Tuesday, November 4, 2008

day 3 ~ i wanted to know what clarity meant

there is Clarity within me and around me ~ when I read these words, I thought 'what the hell does clarity mean?'.. oh I had a vague meaning in my head but it didn't quite fit.... so I jotted a note to myself as i wrote my morning Soul Coaching pages... all the while sipping my apple cider vinegar and honey mixture.. something my Grandma did every morning and I have taken it as my own. ...

so I sat and read today's reading.. thinking of de-cluttering, wondering what I could de-clutter, as just the past few weeks I have been spring cleaning with a frenzy. My bedroom is done every week - washing the sheets, dusting and vacuuming so that doesn't need doing... however, I guess my top drawer could do with a tidy up AND THEN THERE IS MY WARDROBE, A PLACE WHERE NO MAN(or woman for that matter) DARES GO... an absolute disaster area.. but too big a job for today.... it is in my mind to do it and I will get around to it soon. I promise myself.. and I will do it.

breathing in Self acceptance, breathing out self judgement - ooh a big thing for me.. something I do struggle with....
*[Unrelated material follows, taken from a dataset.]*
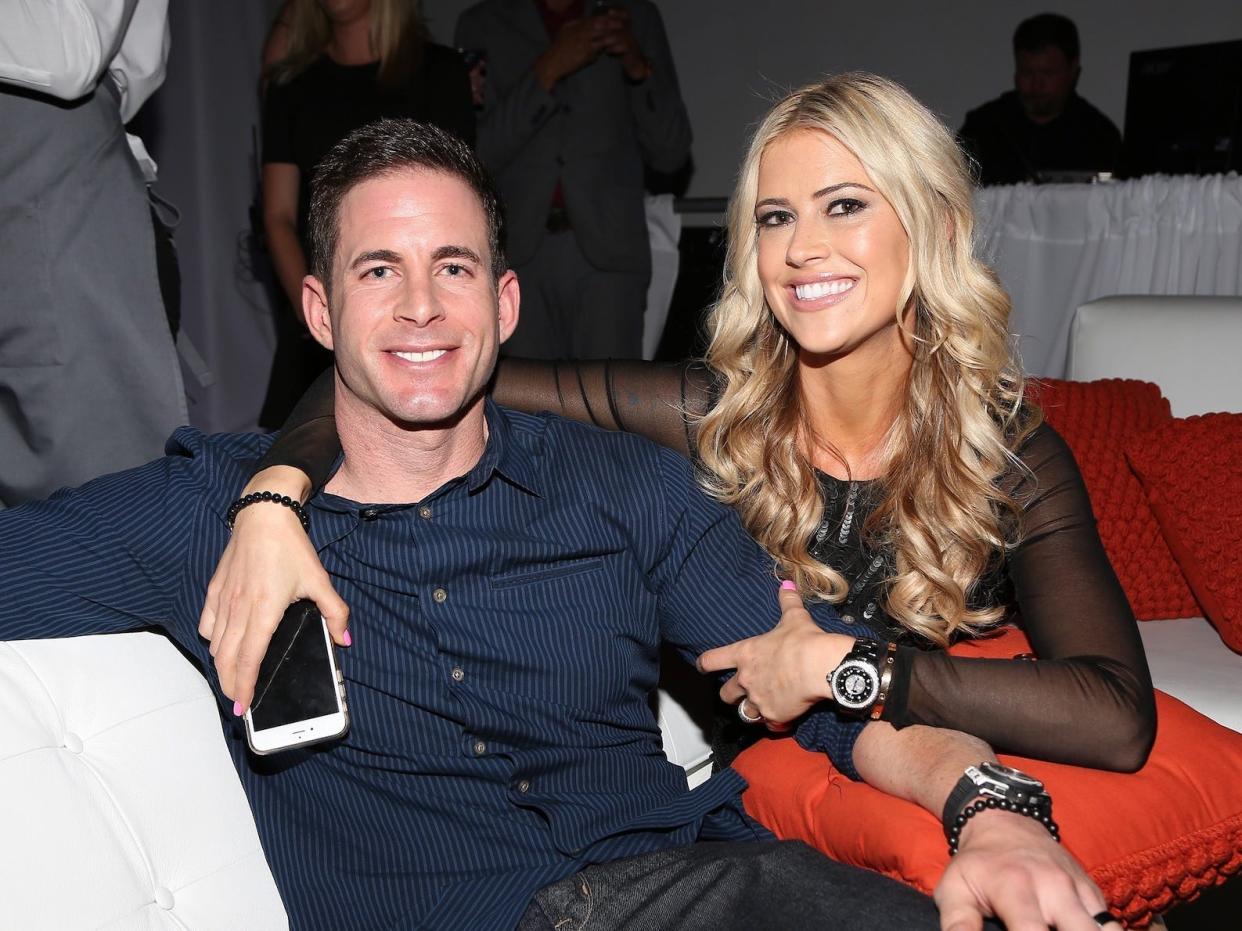 Tarek El Moussa and Christina Haack pose for a photo.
so. there is Clarity within me and around me.... Clarity: clearness of thought; a splendour; a brightness; a radiance...

yes, like the wind/air has started to blow gently through my soul. blowing away negative thinking, judgment of self & lack of self love - making room for the divine being that I truly am, to shine. and showing me who I am meant to be: a soul full of love & light.
the blowing wind/the element of Air through Soul Coaching is showing me a clear-ness, a splendour, a brightness & radiance that is within me. Something that I never knew or accepted was there..
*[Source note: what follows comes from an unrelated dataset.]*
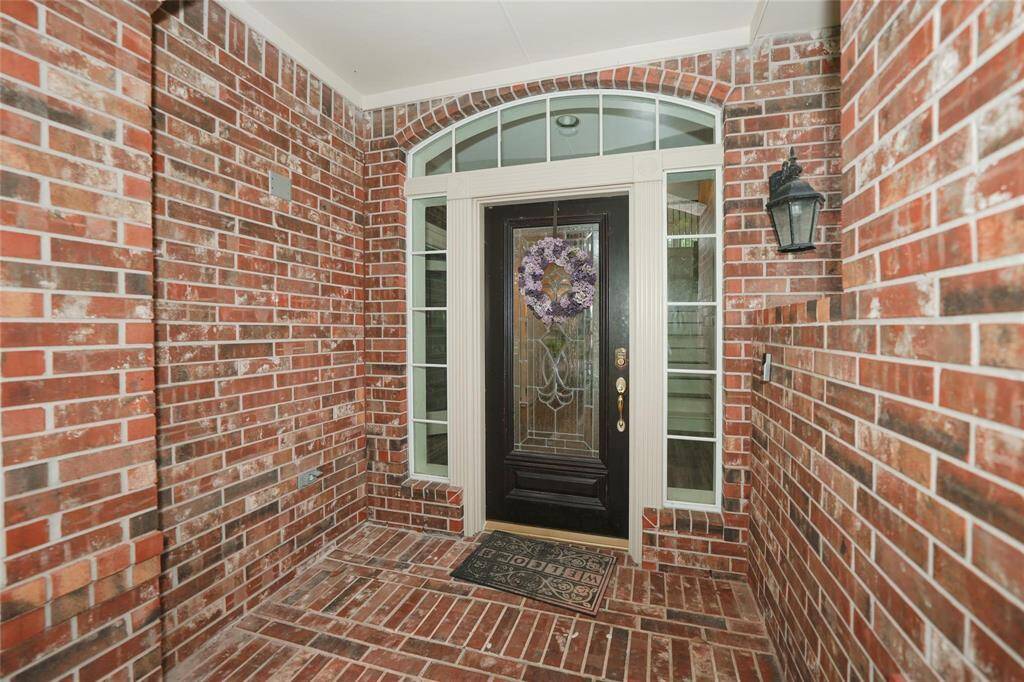 Inviting brick entryway featuring a decorative black door with sidelights and an arched transom window. A charming wreath adds a welcoming touch, and a wall-mounted lantern provides lighting.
I went to the Gym this morning.. and as I did the circuit, I focused on my breathing... noticing where i had difficulty.. and today's song? SMACKWATER JACK - sung by Carole King and myself!! it is such a shame that we don't 'let it all hang loose' more often - we worry about rules, regulations, what is right, techniques.. all the time stifling our inner light with our negative thoughts .. maybe there is a lesson here for me

Today was a little bit of a struggle for me.. a few 'ego' thoughts of 'wasting time', and ' you won't complete it' .... I think the struggle was more that I felt that I didn't do alot with the book today. I had a little rest, it is cold today so I snuggled and when I started to feel guilty about that, I reminded myself of my commitment to be kind and gentle with myself... I haven't been able to walk this week yet.. it has been raining at the times I was planning on it... but I have been sitting in Sacred Space, looking out the window at the wind blowing the trees and the dark rain clouds... not much more I can do til it fines up.

12 comments:

Serena said...

I enjoyed reading about your day, Robyn. I'm sure we can all expect a few negative comments from our ego-selves throughout this process but it's great that you recognised it as the ego-self. I'm so glad to see you rested as you obviously needed to be gentle to yourself. I'm sure I will need a day of rest soon too. :)

Love, light and peace ~

Tracy said...

An inspiring post, Robyn!

Paula - Buenos Aires said...

Refreshing to read somebody actually debating the exercises and not taking them for granted. :)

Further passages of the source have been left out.